• **Excerpted data**:
↓
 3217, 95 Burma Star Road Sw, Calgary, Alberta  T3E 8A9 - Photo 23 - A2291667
↑
↓
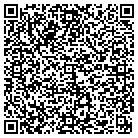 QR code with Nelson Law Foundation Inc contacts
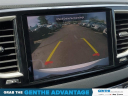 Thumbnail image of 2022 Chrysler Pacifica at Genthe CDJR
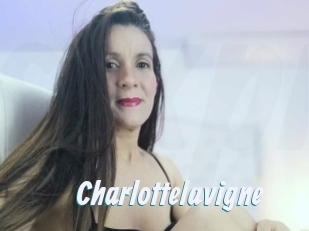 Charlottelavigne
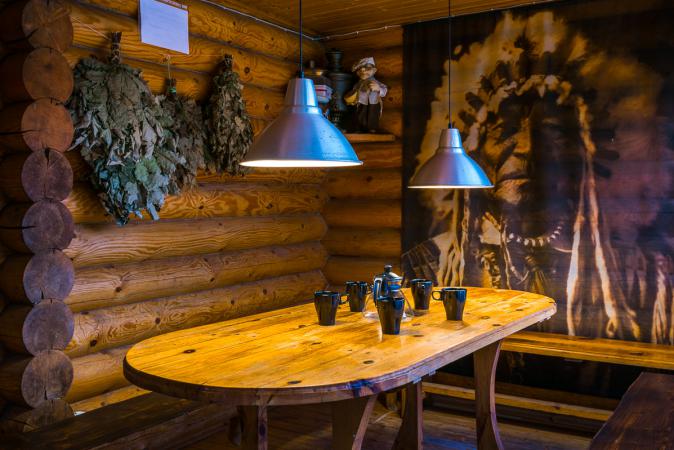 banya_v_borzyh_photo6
↑
• **Requirement**: Working from the data above, repeat exactly, and only, the lines that begin at the line containing "Thumbnail image of" and stop after the line containing "banya_v_borzyh_photo6"; pictures are not copied.

• **Output for this exercise**:
 Thumbnail image of 2022 Chrysler Pacifica at Genthe CDJR
 Charlottelavigne
 banya_v_borzyh_photo6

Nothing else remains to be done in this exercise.